Look for the line with "AZV5001RA4-7 IC DETECTION SWITCH X2-DFN1210-6" in the entries below, then extract that line and all lines after it exactly, with pictures left out.

[Stored dataset items]
* * * * *

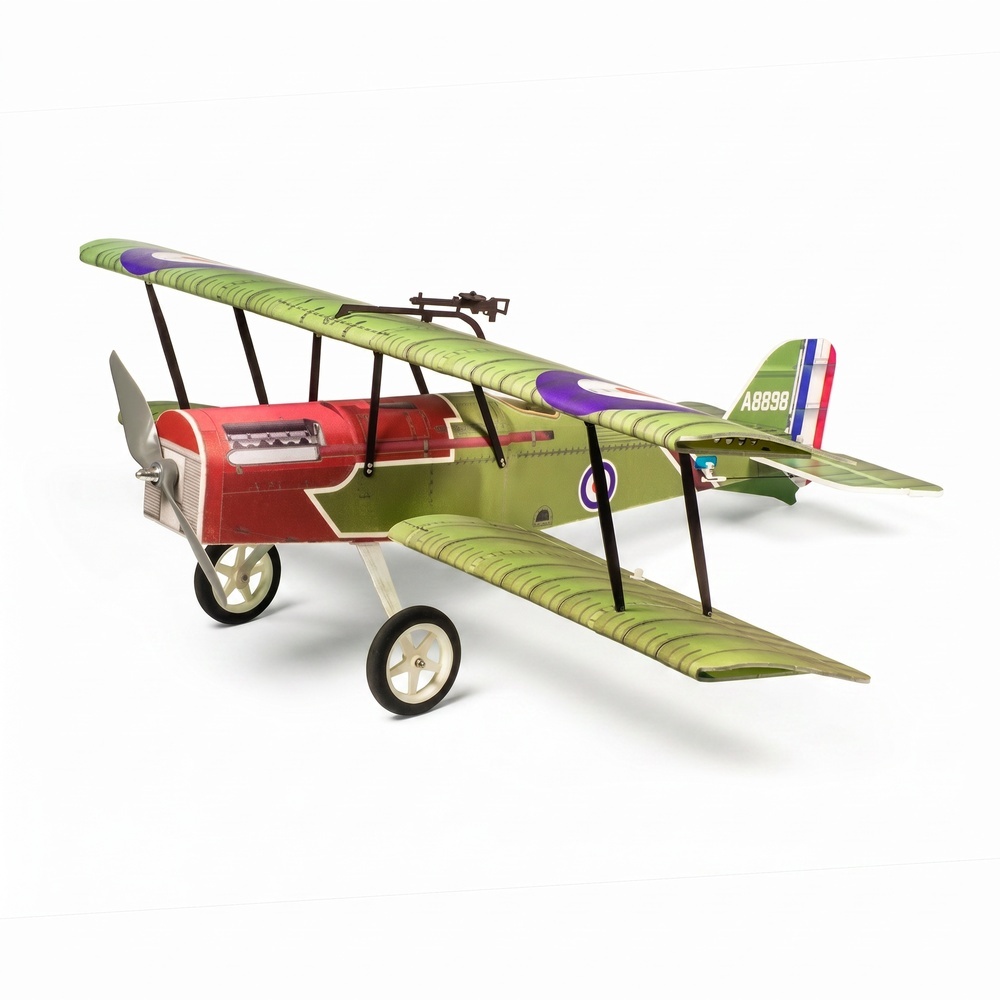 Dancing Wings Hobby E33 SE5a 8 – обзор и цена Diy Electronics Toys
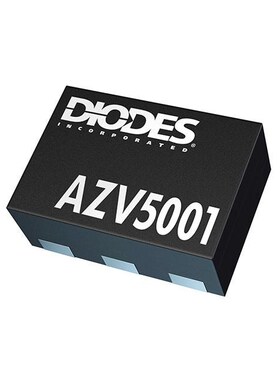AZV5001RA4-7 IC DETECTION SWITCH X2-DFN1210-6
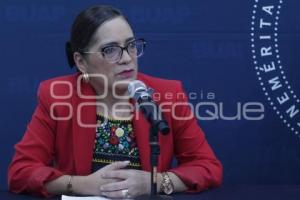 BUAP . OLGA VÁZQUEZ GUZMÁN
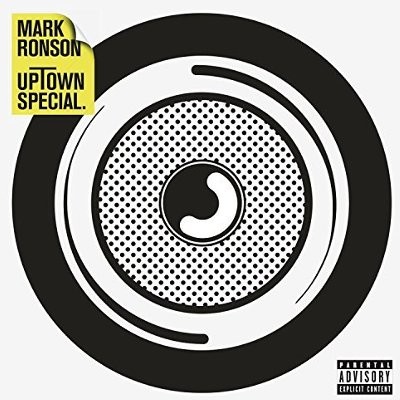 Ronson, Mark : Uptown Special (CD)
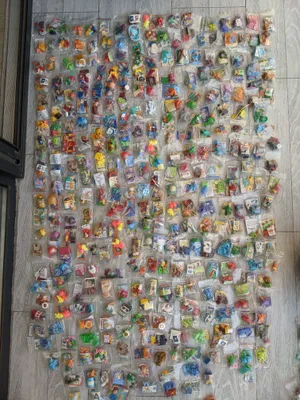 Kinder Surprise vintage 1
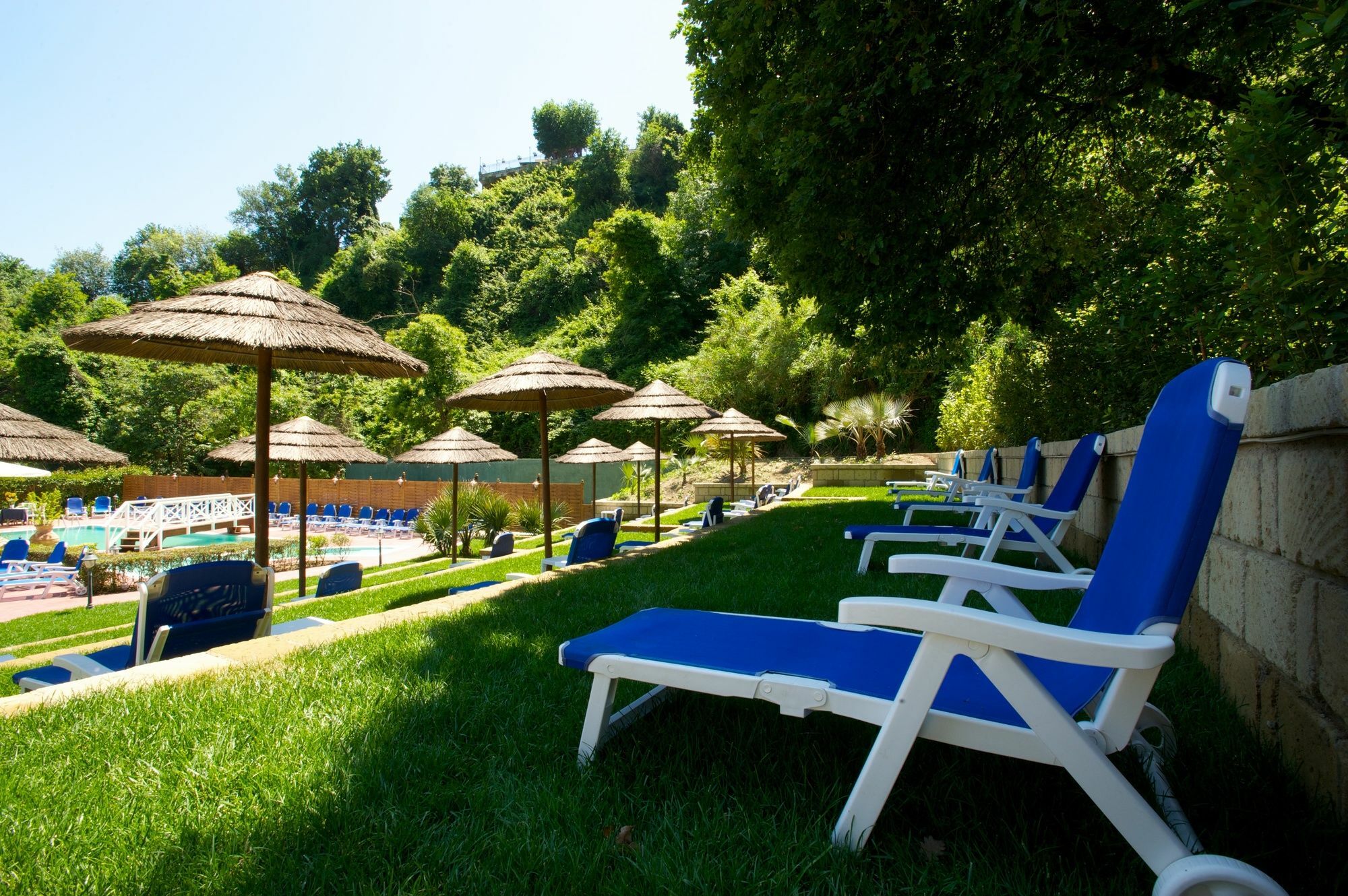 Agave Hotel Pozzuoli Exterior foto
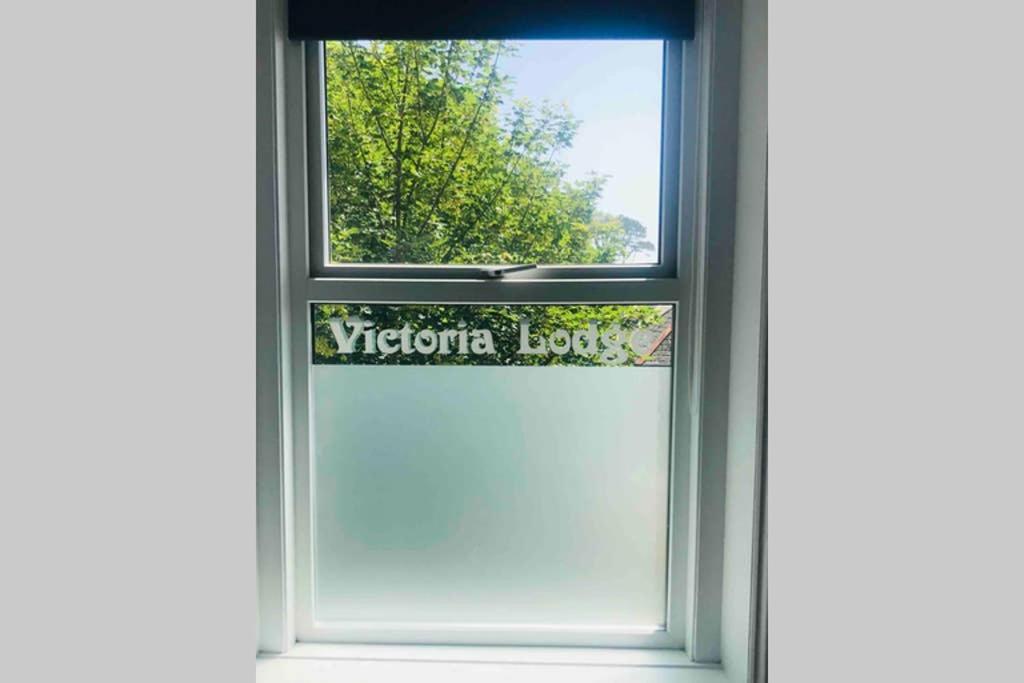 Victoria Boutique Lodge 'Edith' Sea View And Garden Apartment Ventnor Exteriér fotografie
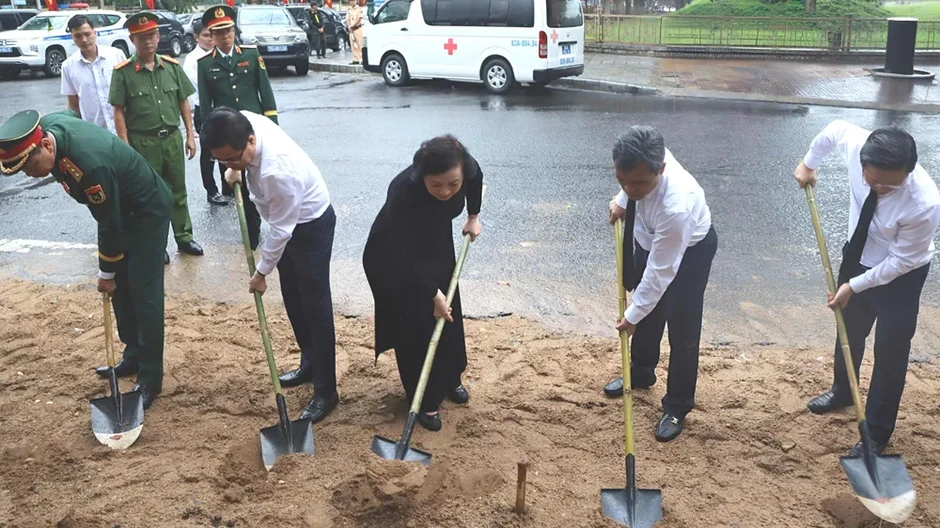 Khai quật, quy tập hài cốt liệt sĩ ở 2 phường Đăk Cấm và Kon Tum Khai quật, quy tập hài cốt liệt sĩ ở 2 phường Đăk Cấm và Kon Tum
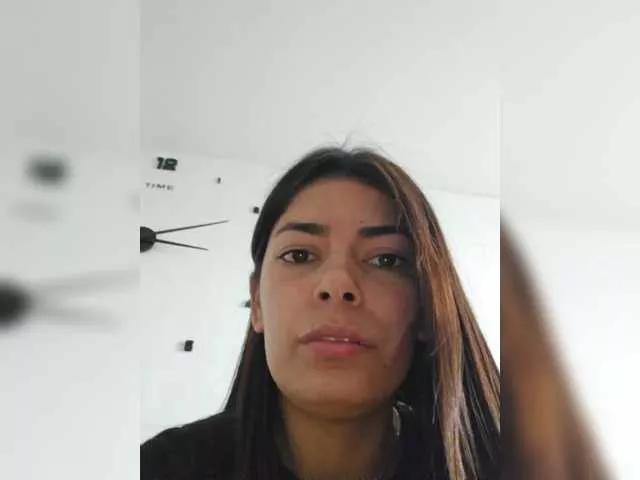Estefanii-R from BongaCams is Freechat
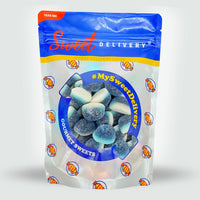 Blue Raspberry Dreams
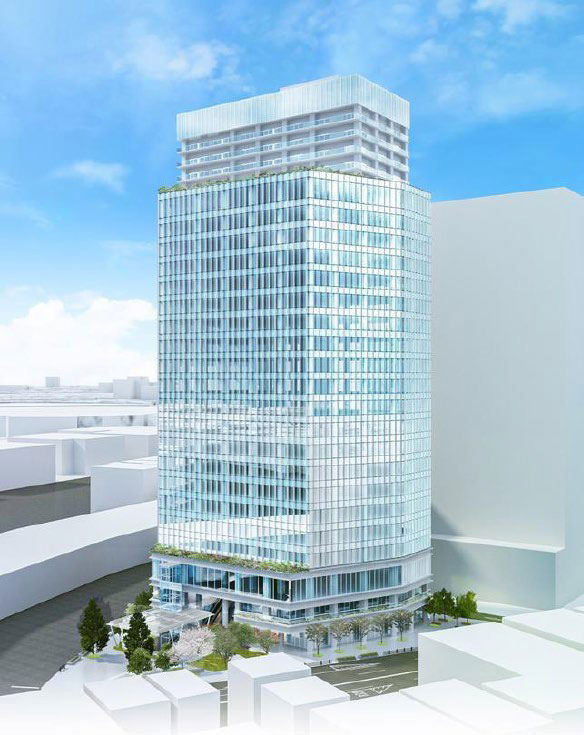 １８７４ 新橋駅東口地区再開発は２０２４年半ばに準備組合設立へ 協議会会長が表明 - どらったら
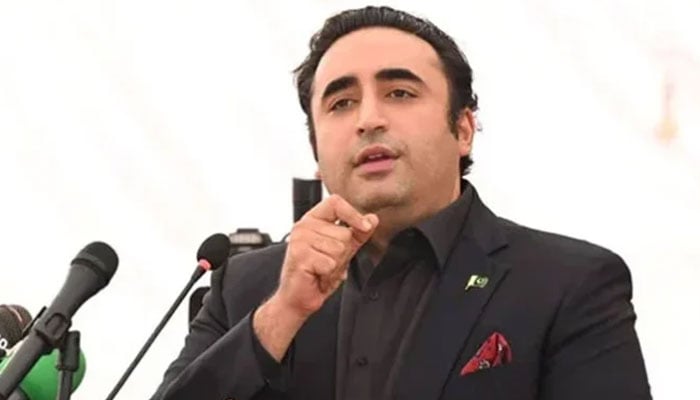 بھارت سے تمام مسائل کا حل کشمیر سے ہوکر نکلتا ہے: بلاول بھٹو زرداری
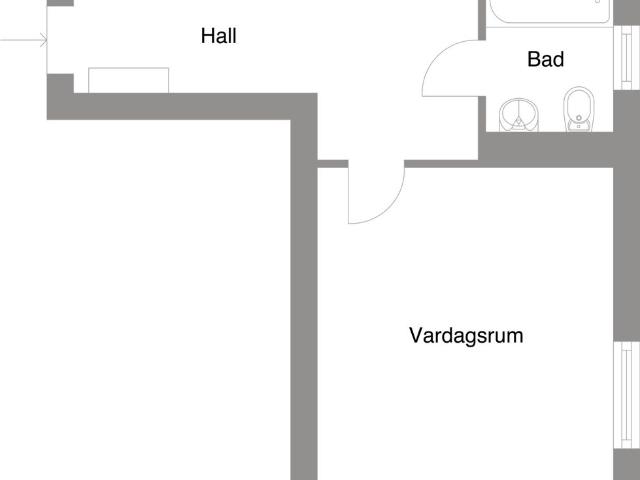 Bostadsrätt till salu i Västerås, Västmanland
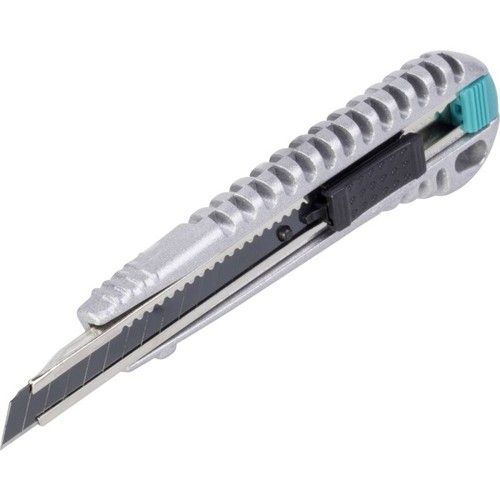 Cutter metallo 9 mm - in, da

* * * * *

REPLY:
AZV5001RA4-7 IC DETECTION SWITCH X2-DFN1210-6
 BUAP . OLGA VÁZQUEZ GUZMÁN
 Ronson, Mark : Uptown Special (CD)
 Kinder Surprise vintage 1
 Agave Hotel Pozzuoli Exterior foto
 Victoria Boutique Lodge 'Edith' Sea View And Garden Apartment Ventnor Exteriér fotografie
 Khai quật, quy tập hài cốt liệt sĩ ở 2 phường Đăk Cấm và Kon Tum Khai quật, quy tập hài cốt liệt sĩ ở 2 phường Đăk Cấm và Kon Tum
Estefanii-R from BongaCams is Freechat
 Blue Raspberry Dreams
 １８７４ 新橋駅東口地区再開発は２０２４年半ばに準備組合設立へ 協議会会長が表明 - どらったら
 بھارت سے تمام مسائل کا حل کشمیر سے ہوکر نکلتا ہے: بلاول بھٹو زرداری
 Bostadsrätt till salu i Västerås, Västmanland
 Cutter metallo 9 mm - in, da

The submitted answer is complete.